Monday, February 8, 2010

Arriving at Someday (Babble)

I grew up in a pretty house in a suburb of Detroit. People not from the Detroit area can’t imagine there is anything but the dismal blight there that gets shown on the news, but there are a lot of beautiful places and things, and some of the houses built back in the 1920’s are absolutely incredible. Something about the kinds of details those houses included, the layout, the scale, all appeal to me. My childhood home has leaded glass windows, a practical yet graceful layout, interesting tiles and doors, and I’ve always loved it. It was a privilege to grow up in such an attractive space.

When Ian and I were first dreaming of owning a house we got some books out of the library of different models and plans so we could figure out what we liked and what would work with our hopes for the future. The houses we kept coming back to were all from the same era as the house I grew up in, which should surprise no one, but it confirmed something about myself that was useful to know. I always hoped that someday I might have an elegant old house of my own.

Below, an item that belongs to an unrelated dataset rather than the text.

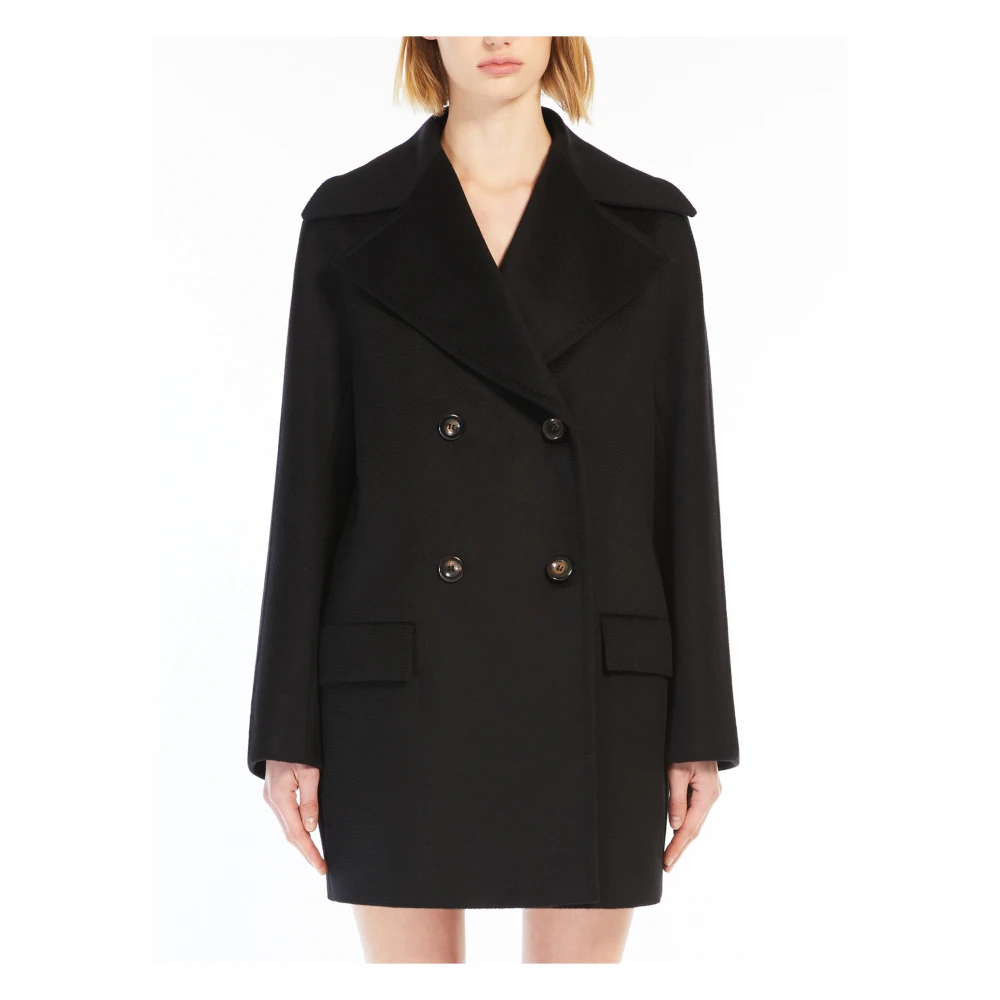 Max Mara Studio Zwarte wollen jas Kimono mouwen Black Dames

I think most people have a mental list of things they hope will happen ‘Someday.’ Someday often seems like a mythical land where everything will improve and life will be easier. Someday my baby will sleep through the night. Someday I will make enough money that I can afford to replace that ugly furniture. Someday I will have my dream job or a spouse who loves me…or a pretty house. Real life is such that fixing one thing doesn’t solve everything, but sometimes it almost lives up to the expectation. The baby sleeping through the night is a big deal, even if it doesn’t help with the laundry.

When the house across the street from us came up for sale, my heart took a little leap. It’s a house I’ve liked since the first time I stepped foot in it, from the era I’ve always admired, and I wouldn’t have to leave my neighborhood. Financially it would be a stretch, but I kept coming back to a particular Someday in the back of my mind. Someday I wanted a pretty house, and it hit me that I was forty already, and if it was ever going to happen, Someday had to become Now. Now is the time for that house because we need every room, every closet, every cupboard. I could raise my kids in a space that was functional but with a window seat I could sit on to read to my son and pretty cabinets to store Aden’s clay creations. A formal dining room was not on my husband’s personal list of ‘Somedays’ but he likes helping me achieve the things on mine so he made it happen. I love him.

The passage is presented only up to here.